━━━ Records provided

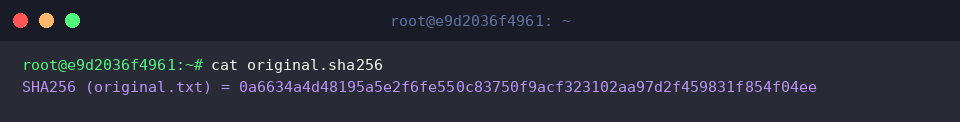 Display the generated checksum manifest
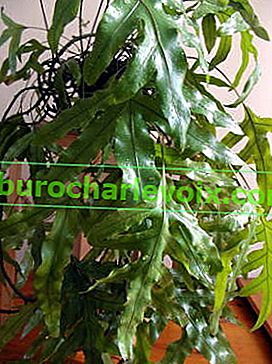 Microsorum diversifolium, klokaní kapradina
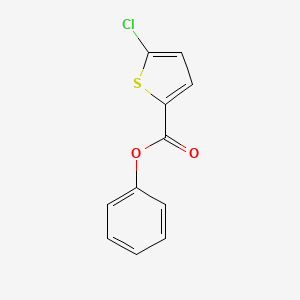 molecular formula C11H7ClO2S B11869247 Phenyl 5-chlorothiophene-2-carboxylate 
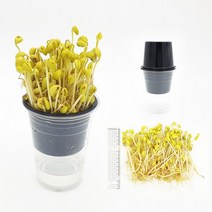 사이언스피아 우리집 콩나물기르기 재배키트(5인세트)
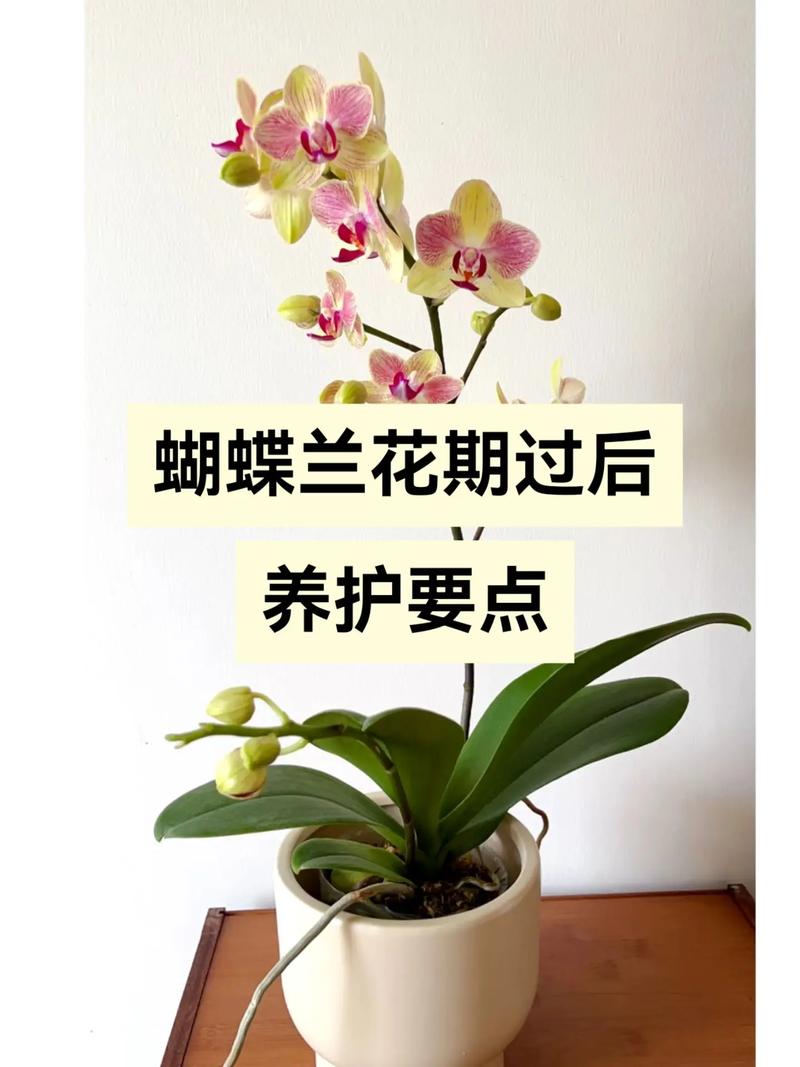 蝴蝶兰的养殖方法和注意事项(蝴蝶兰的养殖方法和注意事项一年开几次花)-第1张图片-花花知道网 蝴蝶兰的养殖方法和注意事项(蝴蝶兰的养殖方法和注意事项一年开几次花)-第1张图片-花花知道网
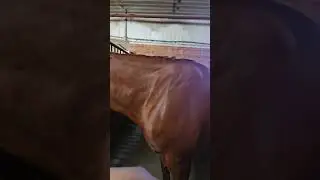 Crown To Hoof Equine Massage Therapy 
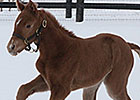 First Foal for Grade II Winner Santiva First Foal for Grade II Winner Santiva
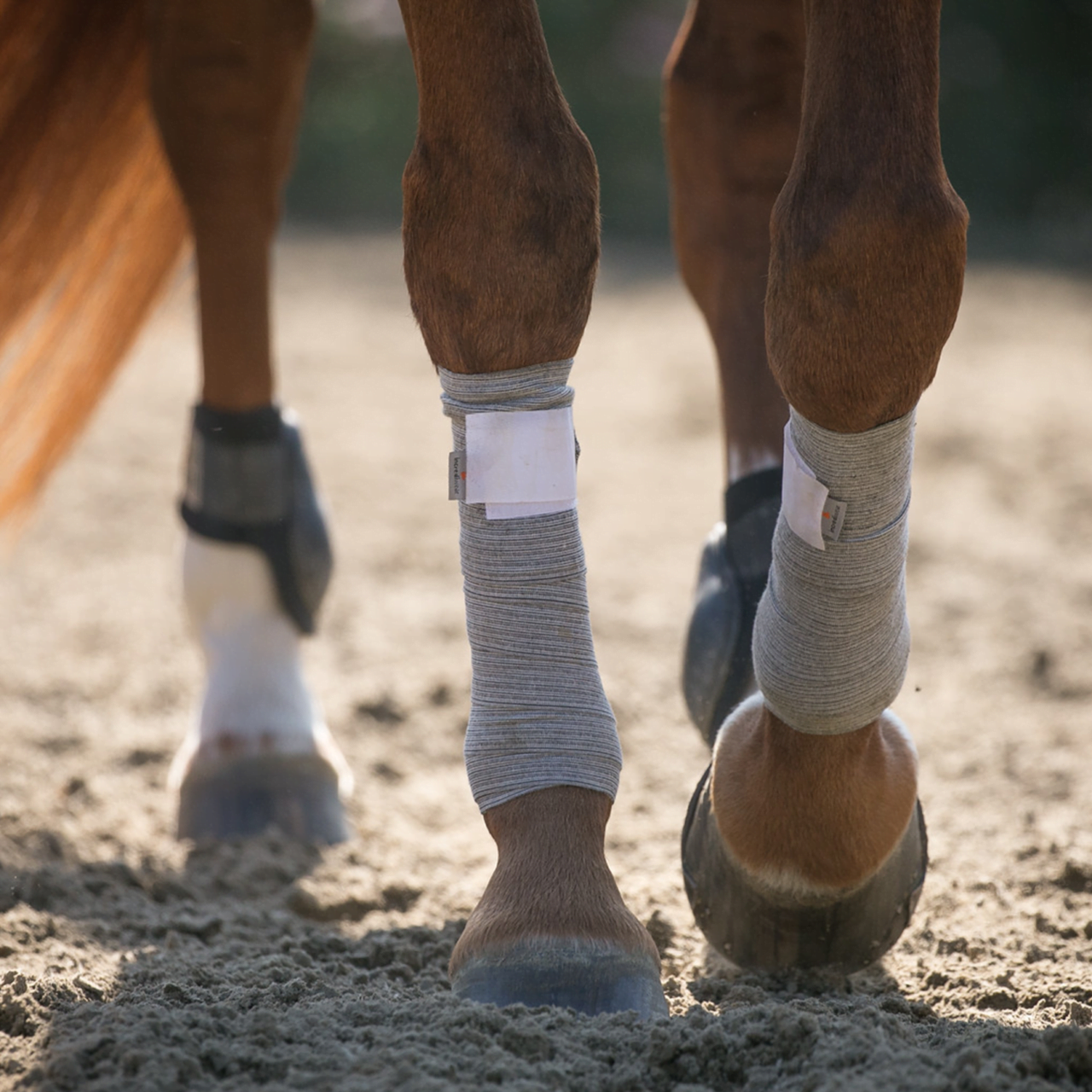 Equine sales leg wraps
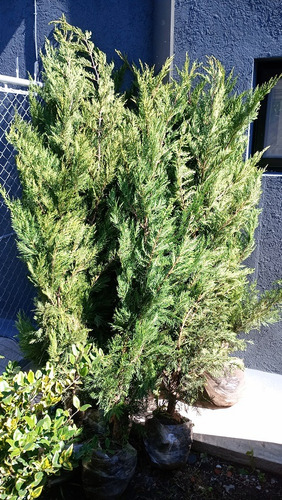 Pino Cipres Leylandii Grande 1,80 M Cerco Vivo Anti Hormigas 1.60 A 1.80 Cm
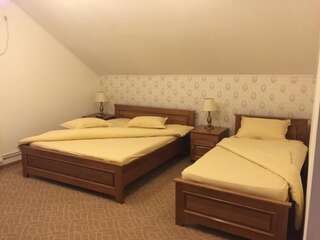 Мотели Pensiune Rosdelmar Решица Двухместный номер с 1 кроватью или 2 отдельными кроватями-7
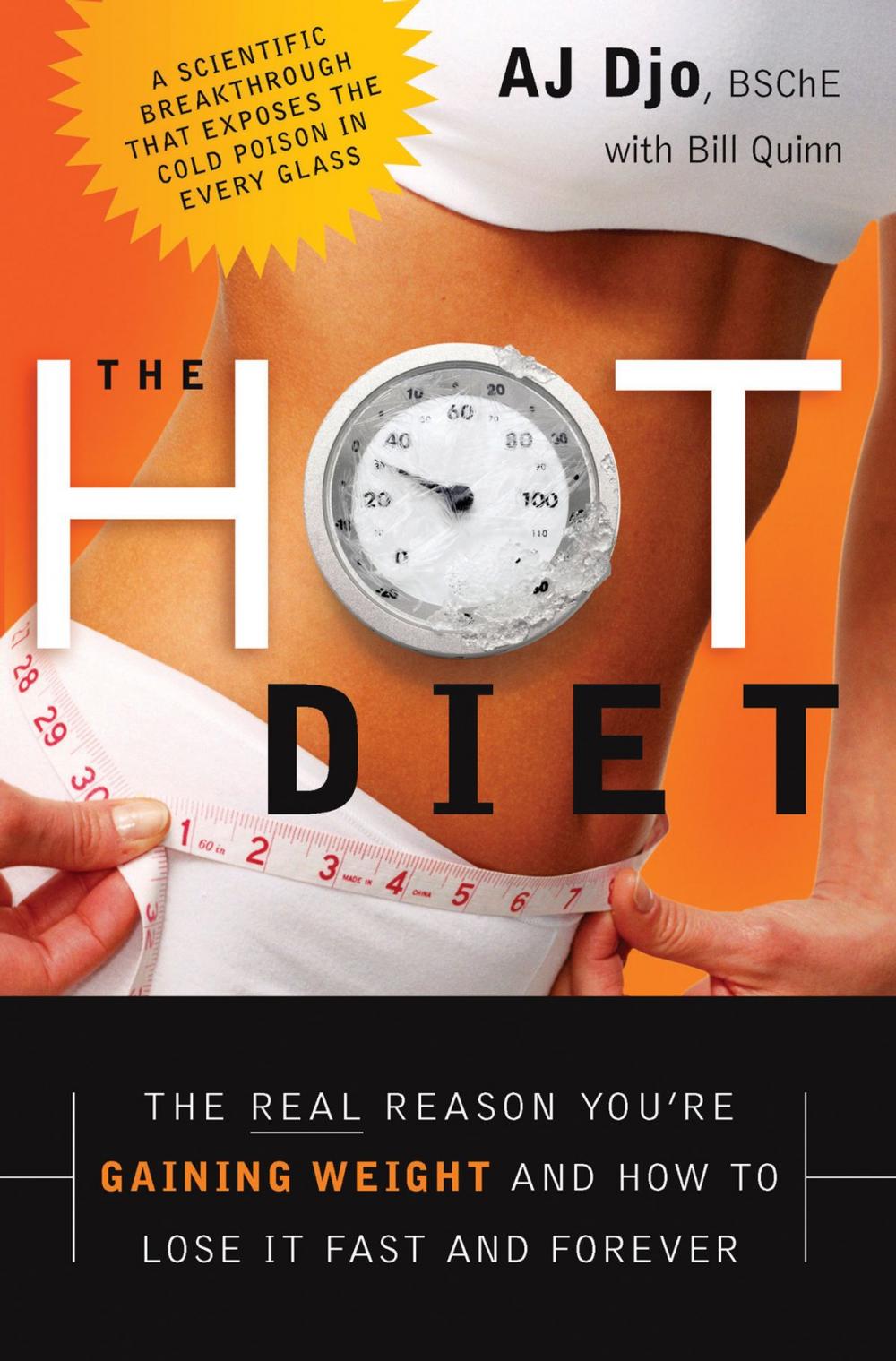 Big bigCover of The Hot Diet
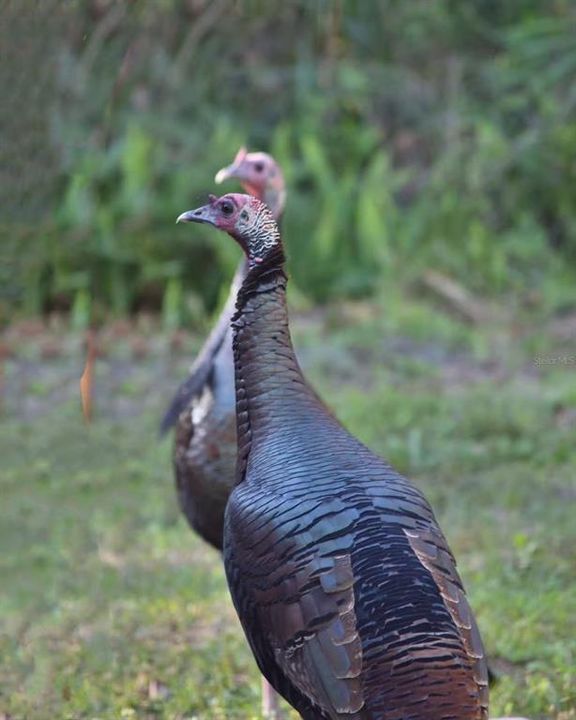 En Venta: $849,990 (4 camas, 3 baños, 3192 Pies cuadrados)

━━━━━━

• Work to be completed:
Without the pictures, copy the entries from their first line through the line containing "Equine sales leg wraps", and only those lines.

• Solution to this problem:
 Display the generated checksum manifest
 Microsorum diversifolium, klokaní kapradina
 molecular formula C11H7ClO2S B11869247 Phenyl 5-chlorothiophene-2-carboxylate 
 사이언스피아 우리집 콩나물기르기 재배키트(5인세트)
 蝴蝶兰的养殖方法和注意事项(蝴蝶兰的养殖方法和注意事项一年开几次花)-第1张图片-花花知道网 蝴蝶兰的养殖方法和注意事项(蝴蝶兰的养殖方法和注意事项一年开几次花)-第1张图片-花花知道网
 Crown To Hoof Equine Massage Therapy 
 First Foal for Grade II Winner Santiva First Foal for Grade II Winner Santiva
 Equine sales leg wraps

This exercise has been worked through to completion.